[vlc] Re: Wireless Multicast Stream
Eftychios Eftychiou
eeftyc1 at pride.hofstra.edu
Sat Nov 20 20:25:09 CET 2004
Thanks everyone for their suggestions and input.
Galen can you please be more specific as to which D-Link hw you used and
what settings!
I have a DWL-2100 AP that was planning to use in client mode.
Thanks again
----- Original Message -----
From: "Galen" <galen at myhome.net>
To: <vlc at videolan.org>
Sent: Saturday, November 20, 2004 6:50 PM
Subject: [vlc] Re: Wireless Multicast Stream
I have mostly D-Link products (yeah, yeah...) and am relatively happy.

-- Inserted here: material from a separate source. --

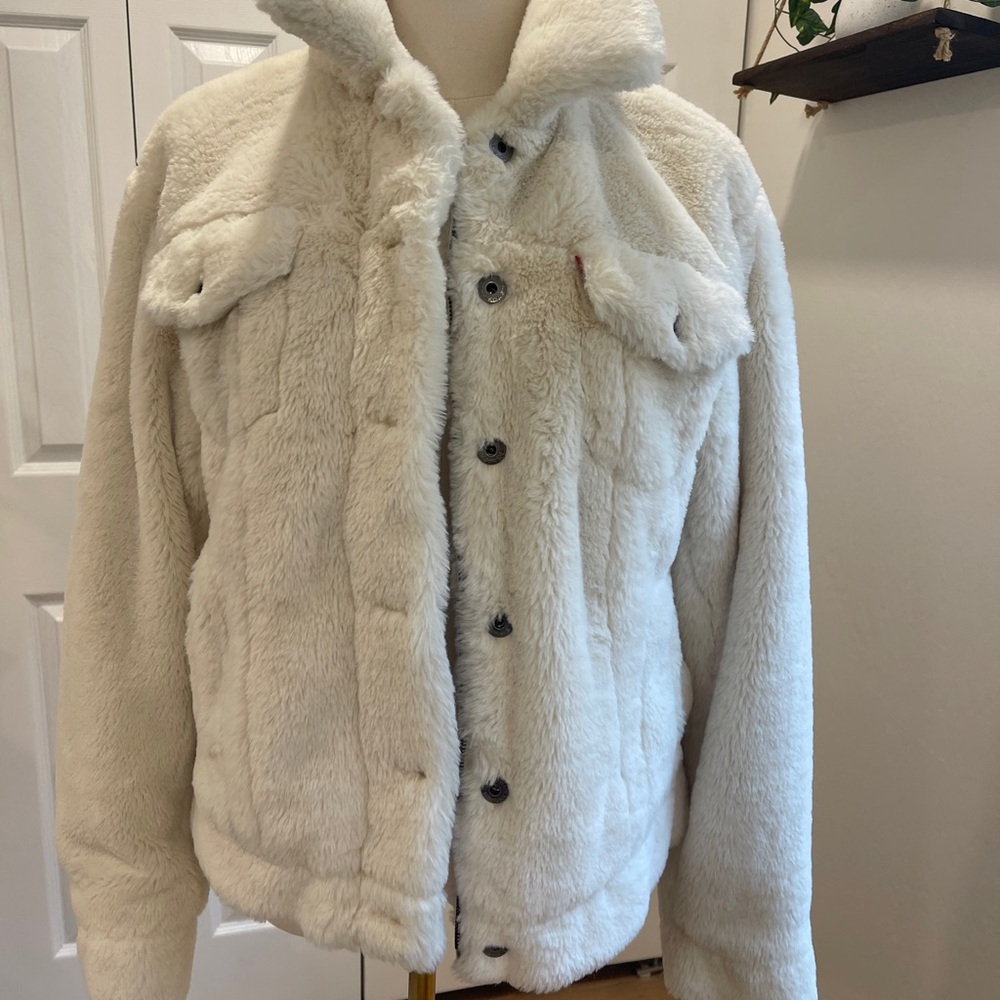 New Levi's Cream Teddy Jacket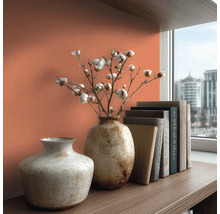 Decoratieve scène met vazen, katoentakken en boeken op een plank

Multicasting works perfectly. I even tested three simultaneous,
uncompressed CD-quality audio streams without problems for roughly 12
hours. Never seen a problem.
I did, however, have to make sure my firmware was up to date and adjust
a few settings. I wireless APs like to throttle/block/tweak
multicasting messages by default, so it's best to fix that. And as the
earlier poster said, the multicast rate should be adjusted according to
your signal levels around the wireless network.
That's my 2¢...
-Galen
On Nov 19, 2004, at 2:35 PM, Benjamin PRACHT wrote:
> On Sat, Nov 20, 2004, Eftychios Eftychiou wrote :
>> Can someone recommend a specific Wireless router that will multicast a
>> video stream effectively? I know the Dlink 624 will not allow any
>> mutlicast
>> traffic to the wireless AP.
>>
>> Thanks
>>
>> Eftychios
>>
>
> Well, I'v successfully streamed about 6Mbit/s of udp multicast traffic
> on a Symbol Spectrum 24 AP 4131 11 Mbit/s Access Point with an
> acceptable packet loss (I haven't tried with other hardware). However,
> don't expect it to work out of the box (default settings give about
> a 10 kbit/s bitrate). Indeed, the layer 2 part or the 802.11 norm
> wasn't really designed for broadcast of high rate streams. Broadcast
> / Multicast frames are sent using the lowest available transfer rate
> available on the AP (1 Mbit/s by default), so that every endpoint, even
> those who are at the limit of the range can receive them. Moreover,
> for energy saving reasons, broadcast / multicast frames are only sent
> every so called DTIM intervals (every 0.3-1s by default on most AP).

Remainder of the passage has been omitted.